3.2 Logic-Based Benders Decomposition

As the 2BPHFSP is clearly composed of packing and scheduling problems, we are motivated to investigate a decomposition approach. Thus, in this section, we present a three-stage decomposition, shown in Fig. 2, that separates the 2BPHFSP into a one-stage bin packing problem, a pattern bin packing problem, and a two-stage hybrid flow shop scheduling problem, denoted as the m-master problem, the m-subproblem, and the subproblem, respectively. Each of these problems is much smaller and simpler to solve than the 2BPHFSP in its entirety, so a decomposition approach may scale better than a monolithic approach.

Fig. 2.

Decomposition flow between problems, each iteration of loop 2 finds a feasible solution to the entire problem.
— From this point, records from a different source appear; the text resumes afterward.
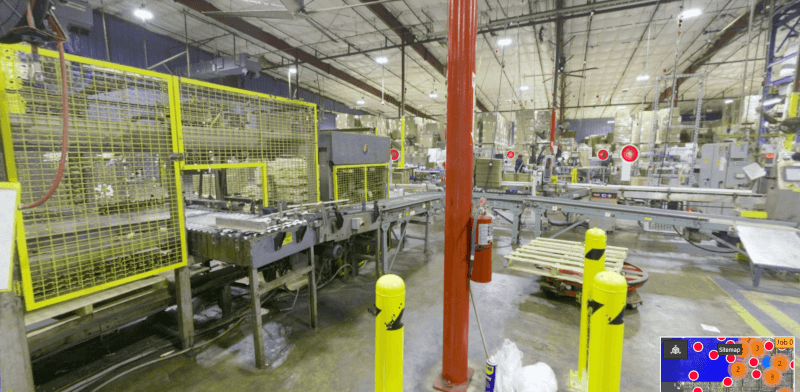 TruView Panoramic Image 3D Laser Scanning inside a factory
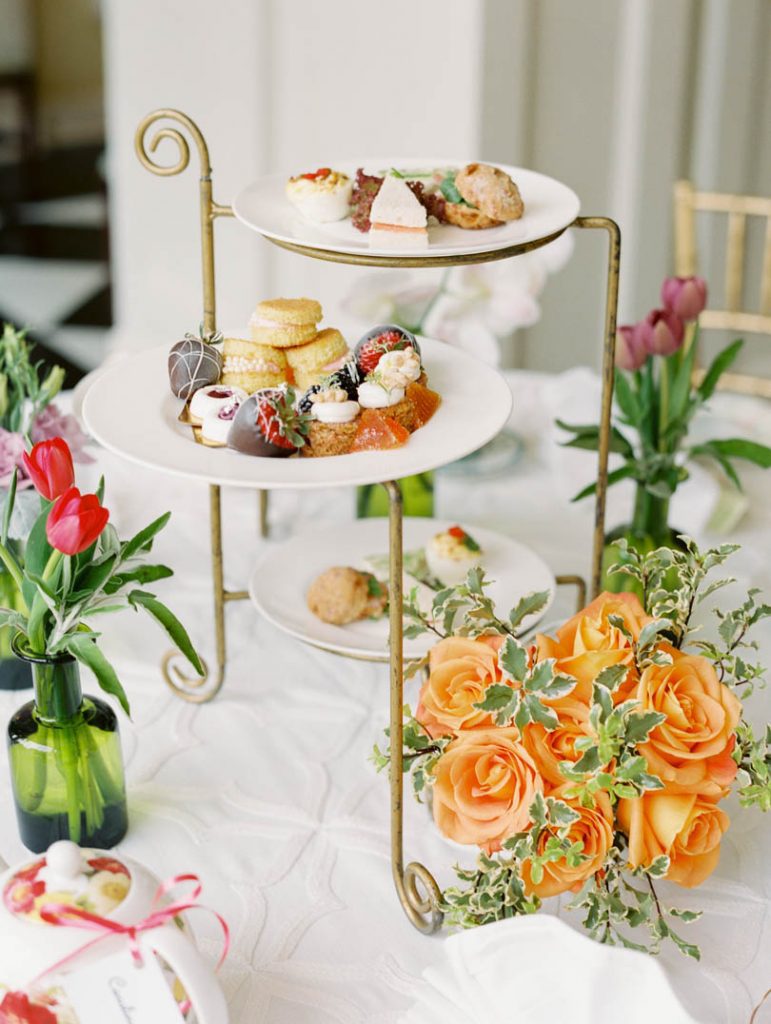 Ladies Tea at The Carolina Inn in Chapel Hill Southern Bride and Groom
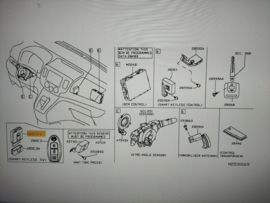 Switch assy-smart keyless Nissan 285E3-4X00A J10/ JJ10/ M20M/ R51/ T31 Original.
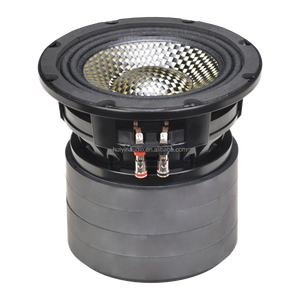 Altoparlante Woofer Mid-Bass Professionale da <span class=keywords><strong>6</strong></span> <span class=keywords><strong>Pollici</strong></span> con <span class=keywords><strong>4</strong></span> Magneti, 300W RMS, 8 Ohm, Sospensione in Fibra di Carbonio per Audio Professionale da Palco 650-055 - Product Image 1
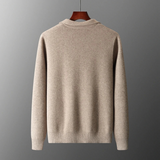 Męska Rozpinana Kurtka Dzianinowa | Lekka Warstwa | Minimalistyczny Styl | Smart Casual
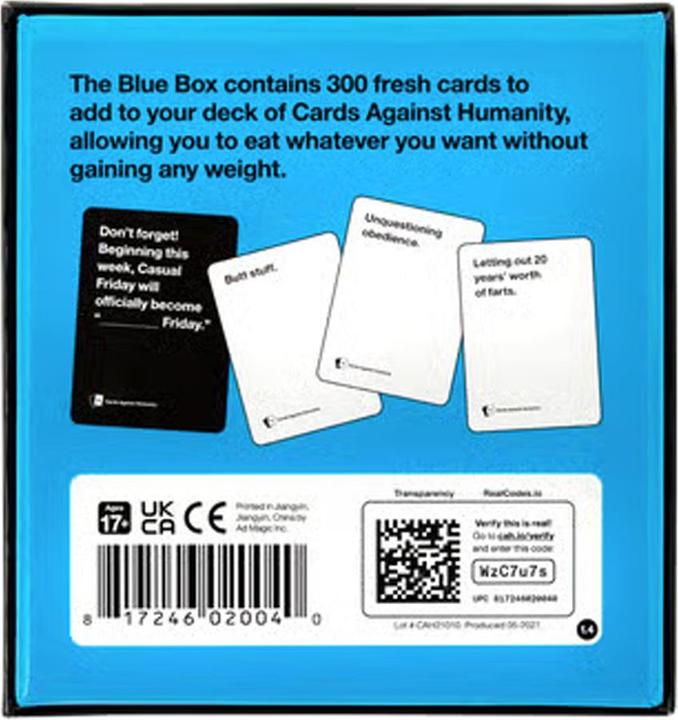 Produktbild Blue Box Kartenspiel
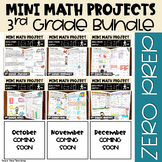 3rd Grade Mini Math Projects Math Test Prep Math Spiral Re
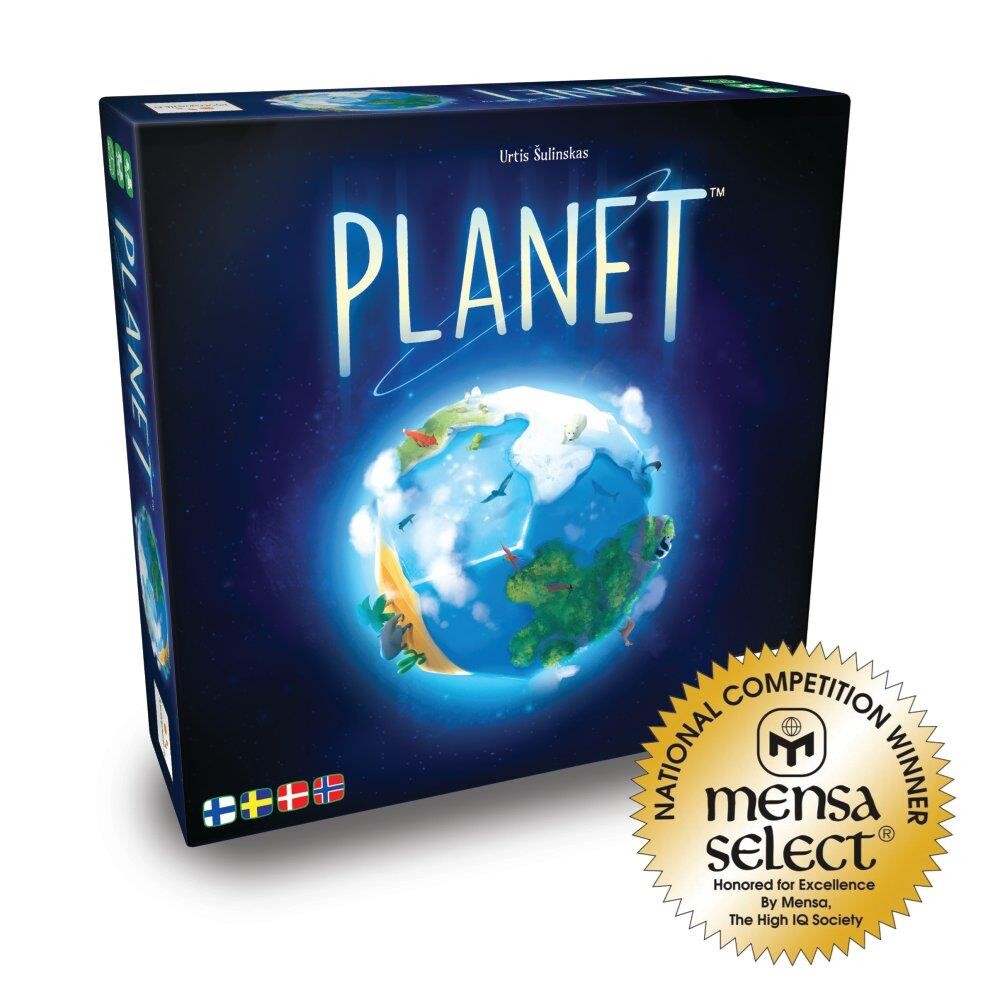 Planet brætspillet - Mensa Awards 2019, Fra 10 år +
The two loops shown in Fig. 2 show the order in which the problems are solved. The m-master problem is a one-stage bin packing problem which packs jobs into capacity-constrained autoclave batches, while minimizing the number of open autoclave batches. Autoclave batches have a constant capacity, so the sum of job volumes in each batch must be less than the capacity. We chose to assign jobs to autoclave batches directly because part of the objective is to minimize the number of open autoclave batches and the job-to-autoclave batching is a relaxation of the two-stage batching requirement.

A feasible packing of jobs in an autoclave batch may not be feasibly partitionable into tool batches as jobs may not fit perfectly on tools. The m-subproblem attempts to find such a feasible partitioning for each autoclave batch. We denote this constrained partitioning problem as the Pattern Bin Packing Problem. If we find a feasible packing for all autoclave batches, we schedule the tool and autoclave batches in the subproblem. If no feasible packing exists for an autoclave batch, a cut is added to the m-master problem.

Table 2. M-Master problem variables.

Table 3. M-subproblem variables.

M-Master Problem. The m-master problem was modelled using CP. The objective is to minimize the number of open autoclave batches. The variables in the m-master problem are shown in Table 2; see Table 1 for parameter descriptions.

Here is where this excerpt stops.